OK, the docs I'm working with use file.md, file.pl.md and file.cs.md which are all 3 unique cases for each of the languages. And the example docs use the default setting and reuse the en files, so you have en and fr but 3 languages selections. Therefore I guess my issue is that I unified it to use the for loc_file in file.alternates.values() method. In my case there are 3 alternates to a file, and 3 languages. In your case there are 2 alternates and 3 languages.

At least that is my assumption after comparing the config. I'll look deeper into a solution a little bit later.

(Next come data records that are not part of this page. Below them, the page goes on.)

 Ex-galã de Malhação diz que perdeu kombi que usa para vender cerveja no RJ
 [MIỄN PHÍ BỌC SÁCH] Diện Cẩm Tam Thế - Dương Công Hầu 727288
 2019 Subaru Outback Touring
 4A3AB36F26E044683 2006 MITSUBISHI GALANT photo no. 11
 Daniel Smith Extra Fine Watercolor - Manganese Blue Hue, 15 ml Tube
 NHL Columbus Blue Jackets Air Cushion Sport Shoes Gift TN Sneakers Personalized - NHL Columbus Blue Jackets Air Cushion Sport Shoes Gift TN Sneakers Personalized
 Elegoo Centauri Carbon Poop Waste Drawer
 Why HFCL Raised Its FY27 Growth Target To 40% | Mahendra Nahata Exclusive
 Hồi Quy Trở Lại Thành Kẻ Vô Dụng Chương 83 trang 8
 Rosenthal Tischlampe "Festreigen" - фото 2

kamilkrzyskow commented 1 year ago

Wait, if there are 2 versions for en, / and /en/ does it have to appear 2 times in hreflang alternates? Because if I'm understanding you correctly @ultrabug you want something like this:

I temporary created it manually

<url>
<loc>https://ultrabug.github.io/mkdocs-static-i18n/</loc>
<lastmod>2023-03-20</lastmod>
<changefreq>daily</changefreq>
<xhtml:link rel="alternate" hreflang="en" href="https://ultrabug.github.io/mkdocs-static-i18n/"/>
<xhtml:link rel="alternate" hreflang="en" href="https://ultrabug.github.io/mkdocs-static-i18n/en/"/>
<xhtml:link rel="alternate" hreflang="fr" href="https://ultrabug.github.io/mkdocs-static-i18n/fr/"/>
</url>
<url>
<loc>https://ultrabug.github.io/mkdocs-static-i18n/en/</loc>
<lastmod>2023-03-20</lastmod>
<changefreq>daily</changefreq>
<xhtml:link rel="alternate" hreflang="en" href="https://ultrabug.github.io/mkdocs-static-i18n/"/>
<xhtml:link rel="alternate" hreflang="en" href="https://ultrabug.github.io/mkdocs-static-i18n/en/"/>
<xhtml:link rel="alternate" hreflang="fr" href="https://ultrabug.github.io/mkdocs-static-i18n/fr/"/>
</url>
<url>
<loc>https://ultrabug.github.io/mkdocs-static-i18n/fr/</loc>
<lastmod>2023-03-20</lastmod>
<changefreq>daily</changefreq>
<xhtml:link rel="alternate" hreflang="en" href="https://ultrabug.github.io/mkdocs-static-i18n/"/>
<xhtml:link rel="alternate" hreflang="en" href="https://ultrabug.github.io/mkdocs-static-i18n/en/"/>
<xhtml:link rel="alternate" hreflang="fr" href="https://ultrabug.github.io/mkdocs-static-i18n/fr/"/>
</url>

This doesn't look right to me 🤔 EDIT: This is the result from one of the validators from Google's docs image


EDIT2: OK, I think I finally understood it this time. I have to keep the default base <loc> with the alternates, but additionally create an <url> for each of the alternates 😮‍💨. image


EDIT3: I think I got the structure right, but the validator still has ❌😞For now I'm out of ideas sitemap.xml.txt image

kamilkrzyskow commented 1 year ago

I think it works. Based on this https://developers.google.com/search/docs/specialty/international/localized-versions#xdefault and this https://developers.google.com/search/docs/specialty/international/localized-versions#common-mistakes I figured out a hack. For the default main link it creates the x-default hreflang link. It's not completely up to the standard, as it seems that the x-default should be used for some kind of language selection URL, but here I'm using the link as a backup for the duplicate en / default locale.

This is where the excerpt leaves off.